╭─ Supplied records
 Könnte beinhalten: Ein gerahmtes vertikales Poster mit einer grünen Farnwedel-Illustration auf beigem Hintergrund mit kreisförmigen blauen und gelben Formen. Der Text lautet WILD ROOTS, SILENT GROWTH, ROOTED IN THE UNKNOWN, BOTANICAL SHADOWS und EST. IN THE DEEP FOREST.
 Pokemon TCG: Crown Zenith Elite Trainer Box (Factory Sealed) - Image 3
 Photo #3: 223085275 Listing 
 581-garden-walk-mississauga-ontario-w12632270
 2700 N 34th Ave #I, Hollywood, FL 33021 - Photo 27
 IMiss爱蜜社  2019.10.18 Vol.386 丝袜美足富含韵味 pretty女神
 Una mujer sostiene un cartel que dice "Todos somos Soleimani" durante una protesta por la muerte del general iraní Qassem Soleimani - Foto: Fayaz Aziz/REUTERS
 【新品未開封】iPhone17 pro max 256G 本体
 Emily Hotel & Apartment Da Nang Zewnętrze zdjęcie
╰─
(What the exercise asks): Using the records above, filter out every line that lacks the string "Photo" and copy the rest.

(Result of the task):
 Photo #3: 223085275 Listing 
 2700 N 34th Ave #I, Hollywood, FL 33021 - Photo 27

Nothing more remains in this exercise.